Well, as the cliché goes, it’s a long story. One that spawned a book.
They say write about what you know. Well let me tell you, I know about a breakup. I lived every single word I wrote. From the unwavering passion to the devastating heartbreak. I loved my man, Mr. My Big, very much. What we had was bliss, then it wasn’t. Throughout our on-off-on relationship, we both did the best we could at the time… for a very long time. And when it was over, life was rough and I did not know how to get by. Breakups have a not-so-funny way of humbling you to something fierce.
So here I was with a breakup to deal with. A painful one. What was I going to do now? I detail in the book what I did to move on from the hurt, and there’s a reason that this specific part of my life became a published piece of literature.
As a host, producer, writer… I always wanted to pen a book. For the longest time I didn’t know what it was going to be about, I just knew I wanted to add “author” to my resume. A few months into the breakup, I still wasn’t feeling great. I was keeping busy, working my butt off, but I was sad, sometimes angry and definitely missing my man daily. One night in the midst of my misery, I was out to dinner with my mentor’s wife who knows me just about as well as anybody could know someone. I was crying over burgers and red wine, when she turned to me and said, “This is your book.”
The rest is history.
As Paulo Coelho once told Oprah Winfrey in an interview, “So you follow your heart, and then one day you manifest something.” I followed my heart and manifested a book.
Breakups are tough. They are brutal. Sometimes breakups, especially the one I wrote about, are not so cut-and-dry. Nobody wants to experience the agony of heartbreak. But if you’ve ever truly been in love – really, truly in love – you already know you don’t have a choice in the matter.
What I hope for is that my readers understand that someone else has been in their shoes before and not only lived through it, but survived and thrived afterwards. It’s a really important thing for women to know. Every chapter in “The Breakup Book” is a different piece of advice that someone gave me on how to get through the breakup. Each chapter is an action step. I discuss if it worked, didn’t work, and why. It was all trial and error. And it was cathartic. Use the pain to push you forward. The results will be miraculous.
My book begins like this…
In 2010, I went through a disastrous breakup. It was a breakup that dragged on for another year and a half, a breakup that had happened many times before with the same guy. I wrote about it. Slowly, I healed. And then, miraculously, I became awesome.
Yes, I went from a broken heart to a full one. A full one rife with forgiveness, compassion and self-love. Did it happen overnight? No. Definitely not. But with patience, grace and the right approach, hearts can and do heal. All the love that had nowhere to go after my breakup, I put that love on myself and it was only then that I became the strong, empowered woman I am today.

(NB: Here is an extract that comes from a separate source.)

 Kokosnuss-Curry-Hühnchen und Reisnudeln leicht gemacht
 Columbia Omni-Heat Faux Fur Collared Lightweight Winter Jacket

I suggest to anyone going through this process, cut yourselves some slack. Be vulnerable. Everyone has been through heartbreak in one form or another and it’s how one deals with it that makes the difference. I turned my experience into a book, which provides readers with a roadmap to finding themselves again – stronger, wiser selves. No one said healing a broken heart was going to be easy. But I can promise it will be worth it. Trust me. I learned from experience.